Autor, przyjaciel Sołżenicyna, podjął trud ukazania wielowymiarowego, trudnego do uchwycenia tytułowego fenomenu autora "Archipelagu GUŁag". Człowieka, który nieustannie prowokował, stawiał przed innym, a przede wszystkim przed sobą nowe wyzwania. To on obudził Francję z miłej komunistycznej drzemki, czy zarzucił Stanom Zjednoczonym, które go przyjęły, moralny relatywizm i rozpasaną konsumpcję. To o nim Anna Achmatowa mówiła, iż „jest jak latarnia, ze świeżością w duszy, pełen werwy, młodości, szczęścia. Zapomnieliśmy już, że istnieją tacy ludzie. Oczy ma jak szlachetne kamienie”.
Georges Nivat ukazuje, iż Sołżenicyn jest autorem od którego wciąż możemy się dużo nauczyć, a możliwe, iż najważniejsza lekcja dopiero przed nami.

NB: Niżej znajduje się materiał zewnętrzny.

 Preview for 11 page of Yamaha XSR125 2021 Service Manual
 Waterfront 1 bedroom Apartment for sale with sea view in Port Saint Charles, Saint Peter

"Publiczna spowiedź okazała się bronią wymierzoną w samego siebie! Nikt nie obnażył się bardziej niż on w Archipelagu; są w tej książce wyznania godne Świętego Augustyna i, cóż za paradoks, aż po dziś dzień kohorta jego wrogów, tych, których irytuje – później zobaczymy dlaczego – stale czerpie z jego „zeznań”, by postawić go w stan oskarżenia.
Jak gdyby to oni, nie zaś on sam, odsłonili jego słabości! To samo dzieje się ze wszystkimi siłaczami w dziejach, także tymi najbardziej nam współczesnymi, jak Lech Wałęsa. Bohaterstwo nieuchronnie izoluje i wzbudza niechęć."